Another important point is the possibility of real-time interaction or recorded video interaction. However, when the proposed protocol of this study was defined, some fundamental factors in terms of the final result of the evaluation were noted: (i) the volunteers are most commonly elderly individuals, with limited access to technology and difficulties of interacting with online services, (ii) the evaluation of bradykinesia using the MDS-UPDRS items in part III has a protocol that needs to be followed, and with the correct video recording, a real-time evaluation interaction was not necessary; (iii) it was not possible to bring all PD specialists together at the same time, as these healthcare professionals are extremely overloaded, however, telemedicine allowed for analyses from different specialists.
As a result, all these factors contributed to the success of the proposed methodology, as the use of recordings enabled PD patients to participate, the MDS-UPDRS assessment proposed was accurate, and 14 specialized evaluators were able to participate in the bradykinesia evaluation.
ConclusionSeveral key points were identified during this research that contributed to its success: (i) a group composed of several examiners can improve clinical assessment; (ii) necessity of a mediation group with prior training and experience in Parkinson's disease; (iii) possibility of a remote and a reliable assessment of bradykinesia in PD; (iv) the importance of developing a telemedicine protocol for people with PD to be employed in the context of the COVID-19 pandemic.
Other motor symptoms of Parkinson's disease, such as tremor and gait dysfunction, will need to be evaluated remotely in the future. This can be accomplished using the experimental protocol and experience gained by the research team.

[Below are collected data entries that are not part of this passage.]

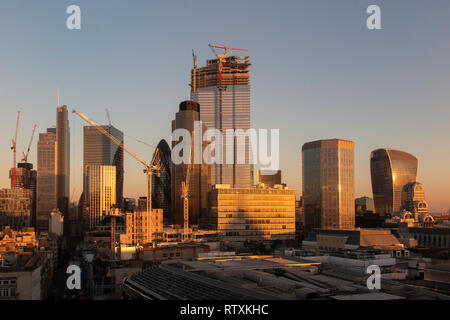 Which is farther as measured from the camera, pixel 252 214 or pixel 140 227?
pixel 252 214

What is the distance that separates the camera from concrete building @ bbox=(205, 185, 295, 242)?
169250mm

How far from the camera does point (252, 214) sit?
171 meters

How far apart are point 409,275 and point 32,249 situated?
10030cm

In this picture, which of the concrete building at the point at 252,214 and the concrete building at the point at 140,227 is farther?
the concrete building at the point at 252,214

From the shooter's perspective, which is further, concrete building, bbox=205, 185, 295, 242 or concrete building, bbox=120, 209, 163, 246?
concrete building, bbox=205, 185, 295, 242

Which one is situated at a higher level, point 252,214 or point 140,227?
point 252,214

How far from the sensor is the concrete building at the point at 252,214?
169250 mm

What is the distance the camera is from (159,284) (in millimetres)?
61938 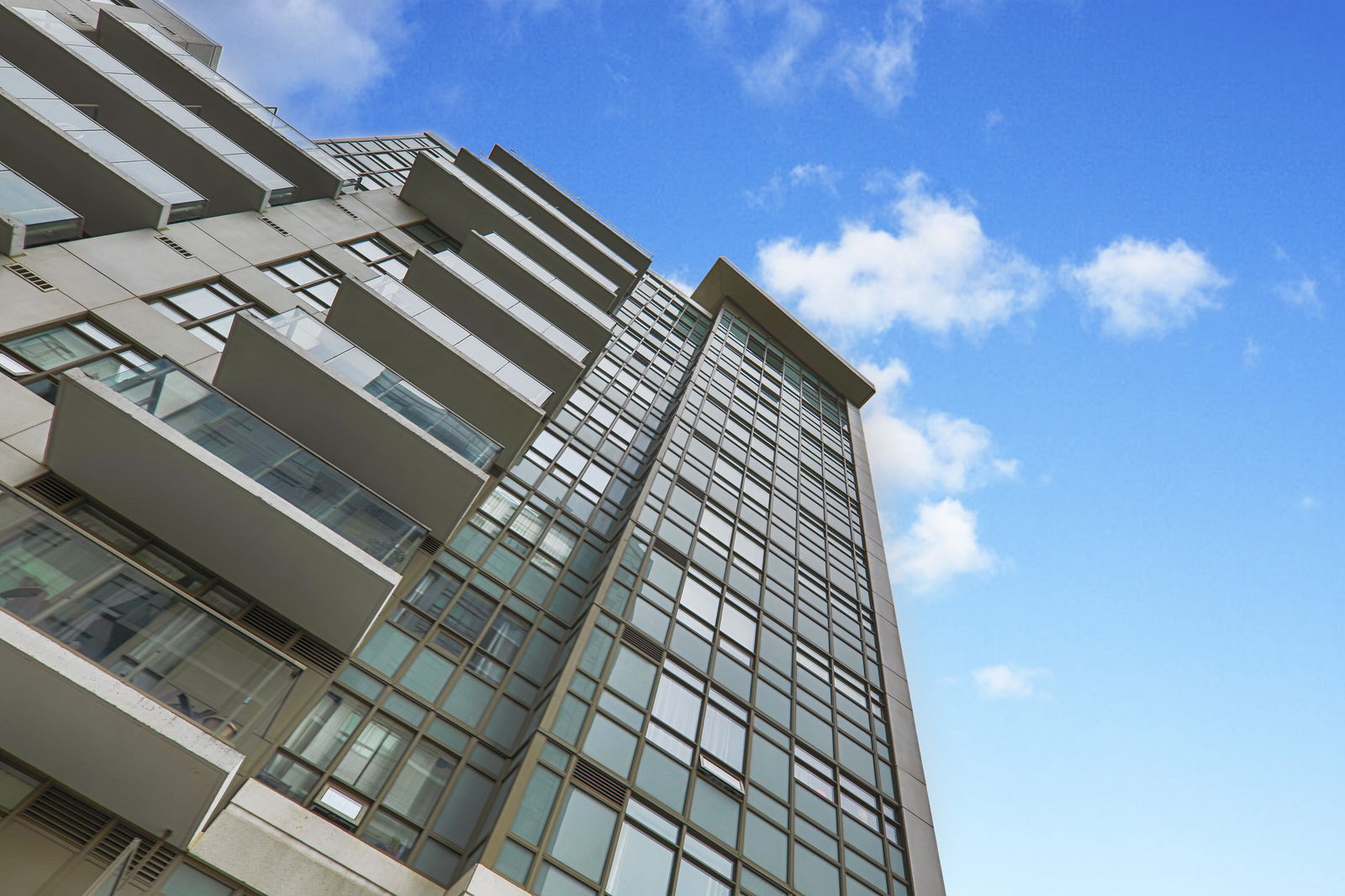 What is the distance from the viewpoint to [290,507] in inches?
417

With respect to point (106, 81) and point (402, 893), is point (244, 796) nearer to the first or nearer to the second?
point (402, 893)

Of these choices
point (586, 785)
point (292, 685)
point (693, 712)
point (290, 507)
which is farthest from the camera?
point (693, 712)

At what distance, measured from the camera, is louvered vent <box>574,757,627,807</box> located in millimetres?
12336

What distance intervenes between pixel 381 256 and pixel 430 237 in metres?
3.52

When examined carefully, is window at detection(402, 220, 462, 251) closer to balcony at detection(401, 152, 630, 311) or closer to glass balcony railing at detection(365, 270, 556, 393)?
balcony at detection(401, 152, 630, 311)

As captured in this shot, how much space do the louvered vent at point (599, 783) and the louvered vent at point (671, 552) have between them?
7.11 meters

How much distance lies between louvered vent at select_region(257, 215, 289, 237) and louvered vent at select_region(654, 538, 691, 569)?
1143 centimetres

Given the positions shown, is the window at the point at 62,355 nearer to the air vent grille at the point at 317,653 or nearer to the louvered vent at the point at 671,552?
the air vent grille at the point at 317,653

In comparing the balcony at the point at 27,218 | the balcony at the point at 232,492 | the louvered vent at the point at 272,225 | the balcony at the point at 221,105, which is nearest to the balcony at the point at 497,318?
the louvered vent at the point at 272,225

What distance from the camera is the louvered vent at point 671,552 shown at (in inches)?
762

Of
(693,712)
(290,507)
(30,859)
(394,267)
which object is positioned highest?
(394,267)

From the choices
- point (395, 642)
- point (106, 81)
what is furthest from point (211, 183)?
point (395, 642)

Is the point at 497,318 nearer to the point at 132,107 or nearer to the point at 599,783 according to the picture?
the point at 132,107

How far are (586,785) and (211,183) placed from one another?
1516cm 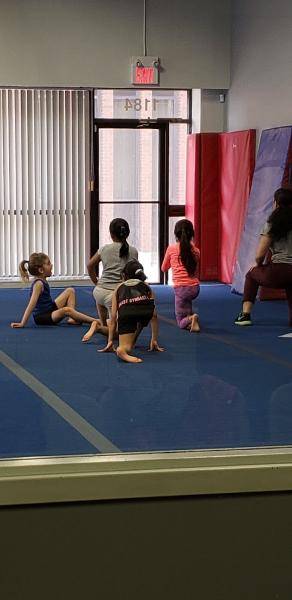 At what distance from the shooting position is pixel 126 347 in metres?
5.74

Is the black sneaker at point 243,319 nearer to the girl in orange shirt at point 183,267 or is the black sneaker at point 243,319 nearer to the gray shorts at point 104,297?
the girl in orange shirt at point 183,267

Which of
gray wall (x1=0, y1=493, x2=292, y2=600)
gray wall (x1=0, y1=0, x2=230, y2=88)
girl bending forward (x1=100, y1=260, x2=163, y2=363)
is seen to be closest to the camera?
gray wall (x1=0, y1=493, x2=292, y2=600)

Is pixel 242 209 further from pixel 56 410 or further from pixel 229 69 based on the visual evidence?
pixel 56 410

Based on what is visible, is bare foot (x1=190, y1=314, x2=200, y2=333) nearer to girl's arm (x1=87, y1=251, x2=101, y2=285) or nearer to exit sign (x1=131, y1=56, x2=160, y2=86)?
girl's arm (x1=87, y1=251, x2=101, y2=285)

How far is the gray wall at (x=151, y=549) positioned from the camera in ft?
7.25

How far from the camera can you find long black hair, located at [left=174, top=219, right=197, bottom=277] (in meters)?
7.00

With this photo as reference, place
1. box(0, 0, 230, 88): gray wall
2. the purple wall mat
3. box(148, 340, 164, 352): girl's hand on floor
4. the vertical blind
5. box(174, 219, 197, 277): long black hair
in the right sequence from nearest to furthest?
box(148, 340, 164, 352): girl's hand on floor
box(174, 219, 197, 277): long black hair
the purple wall mat
box(0, 0, 230, 88): gray wall
the vertical blind

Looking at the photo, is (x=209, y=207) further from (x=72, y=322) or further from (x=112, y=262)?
(x=112, y=262)

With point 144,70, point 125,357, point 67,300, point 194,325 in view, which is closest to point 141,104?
point 144,70

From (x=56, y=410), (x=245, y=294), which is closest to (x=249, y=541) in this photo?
(x=56, y=410)

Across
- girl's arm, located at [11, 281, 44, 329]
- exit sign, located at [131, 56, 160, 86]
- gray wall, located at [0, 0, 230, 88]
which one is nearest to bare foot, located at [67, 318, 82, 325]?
girl's arm, located at [11, 281, 44, 329]

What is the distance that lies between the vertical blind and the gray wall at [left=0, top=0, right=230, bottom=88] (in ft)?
0.84

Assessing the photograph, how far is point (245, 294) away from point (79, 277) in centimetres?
356

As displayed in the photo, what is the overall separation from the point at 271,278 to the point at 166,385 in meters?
3.28
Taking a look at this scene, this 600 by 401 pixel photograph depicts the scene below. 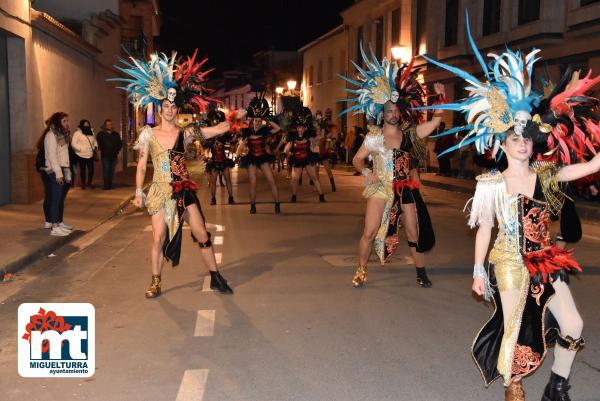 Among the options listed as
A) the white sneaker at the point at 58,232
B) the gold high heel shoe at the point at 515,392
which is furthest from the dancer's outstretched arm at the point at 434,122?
the white sneaker at the point at 58,232

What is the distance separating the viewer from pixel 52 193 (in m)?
11.6

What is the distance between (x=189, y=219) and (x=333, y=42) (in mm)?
41102

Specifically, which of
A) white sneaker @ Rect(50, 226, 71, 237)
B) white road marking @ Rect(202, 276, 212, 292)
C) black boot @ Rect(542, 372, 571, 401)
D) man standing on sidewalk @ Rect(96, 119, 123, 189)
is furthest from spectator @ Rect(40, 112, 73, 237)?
black boot @ Rect(542, 372, 571, 401)

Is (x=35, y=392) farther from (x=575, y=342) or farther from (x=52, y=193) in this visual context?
(x=52, y=193)

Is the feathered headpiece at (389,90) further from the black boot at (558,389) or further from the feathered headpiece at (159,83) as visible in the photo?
the black boot at (558,389)

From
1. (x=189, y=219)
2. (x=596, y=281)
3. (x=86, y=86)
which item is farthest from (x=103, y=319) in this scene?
(x=86, y=86)

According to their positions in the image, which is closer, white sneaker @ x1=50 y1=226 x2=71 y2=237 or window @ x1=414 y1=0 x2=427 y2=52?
white sneaker @ x1=50 y1=226 x2=71 y2=237

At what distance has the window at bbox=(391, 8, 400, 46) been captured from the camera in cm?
3562

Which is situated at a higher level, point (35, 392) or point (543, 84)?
point (543, 84)

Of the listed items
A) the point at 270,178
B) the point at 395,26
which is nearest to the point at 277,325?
the point at 270,178

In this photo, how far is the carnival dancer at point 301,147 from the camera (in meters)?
17.1

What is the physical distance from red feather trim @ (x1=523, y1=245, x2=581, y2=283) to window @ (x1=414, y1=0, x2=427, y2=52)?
2882 centimetres

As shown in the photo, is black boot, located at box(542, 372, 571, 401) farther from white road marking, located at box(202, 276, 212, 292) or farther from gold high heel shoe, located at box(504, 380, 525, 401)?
white road marking, located at box(202, 276, 212, 292)

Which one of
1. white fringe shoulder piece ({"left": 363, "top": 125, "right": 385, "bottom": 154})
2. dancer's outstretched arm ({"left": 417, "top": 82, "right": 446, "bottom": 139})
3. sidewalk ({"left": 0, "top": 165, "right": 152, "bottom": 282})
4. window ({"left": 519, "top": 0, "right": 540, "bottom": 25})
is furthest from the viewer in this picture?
window ({"left": 519, "top": 0, "right": 540, "bottom": 25}) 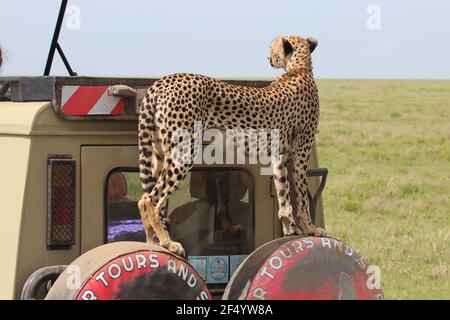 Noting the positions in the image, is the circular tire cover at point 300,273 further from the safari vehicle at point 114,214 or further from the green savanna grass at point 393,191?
the green savanna grass at point 393,191

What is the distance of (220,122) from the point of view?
12.6 feet

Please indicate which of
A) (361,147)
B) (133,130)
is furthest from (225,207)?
(361,147)

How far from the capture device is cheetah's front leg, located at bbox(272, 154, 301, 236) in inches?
159

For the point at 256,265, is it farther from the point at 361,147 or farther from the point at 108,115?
the point at 361,147

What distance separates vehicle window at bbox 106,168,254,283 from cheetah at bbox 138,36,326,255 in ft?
0.77

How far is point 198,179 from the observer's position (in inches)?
167

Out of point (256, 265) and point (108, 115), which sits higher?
point (108, 115)

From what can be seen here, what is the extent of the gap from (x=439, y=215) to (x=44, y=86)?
883 cm

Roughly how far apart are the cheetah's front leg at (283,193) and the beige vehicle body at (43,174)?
53 centimetres

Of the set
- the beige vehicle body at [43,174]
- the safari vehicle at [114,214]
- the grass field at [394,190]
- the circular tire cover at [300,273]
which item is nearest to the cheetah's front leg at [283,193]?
the safari vehicle at [114,214]

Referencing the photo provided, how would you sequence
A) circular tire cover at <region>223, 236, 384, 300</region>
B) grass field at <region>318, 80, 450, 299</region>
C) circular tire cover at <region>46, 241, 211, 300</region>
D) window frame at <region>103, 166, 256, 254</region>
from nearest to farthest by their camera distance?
1. circular tire cover at <region>46, 241, 211, 300</region>
2. circular tire cover at <region>223, 236, 384, 300</region>
3. window frame at <region>103, 166, 256, 254</region>
4. grass field at <region>318, 80, 450, 299</region>

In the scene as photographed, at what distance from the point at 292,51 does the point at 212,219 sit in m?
0.74

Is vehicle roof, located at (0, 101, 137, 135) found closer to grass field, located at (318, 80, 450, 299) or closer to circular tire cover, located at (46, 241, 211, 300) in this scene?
circular tire cover, located at (46, 241, 211, 300)

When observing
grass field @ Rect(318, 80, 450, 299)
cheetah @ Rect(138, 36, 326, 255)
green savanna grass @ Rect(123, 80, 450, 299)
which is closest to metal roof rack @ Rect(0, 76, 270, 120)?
cheetah @ Rect(138, 36, 326, 255)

FundingThe present work was carried out with the support of the National Council for Scientific and Technological Development (CNPq), Coordination for the Improvement of Higher Education Personnel (CAPES – Programme CAPES/DFATD-88887.159028/2017-00, Programme CAPES/COFECUB-88881.370894/2019-01, CAPES/COFECUB-88887.628121/2021-00) and the Foundation for Research Support of the State of Minas Gerais (FAPEMIG-APQ-00942-17). A.O. Andrade is a fellow of CNPq, Brazil (304818/2018-6).
Conflict of interestThe authors declare that they have no conflict of interest.
The authors are grateful to the health professionals and patients of Associação Parkinson do Triângulo (Brazil) who contributed to this research.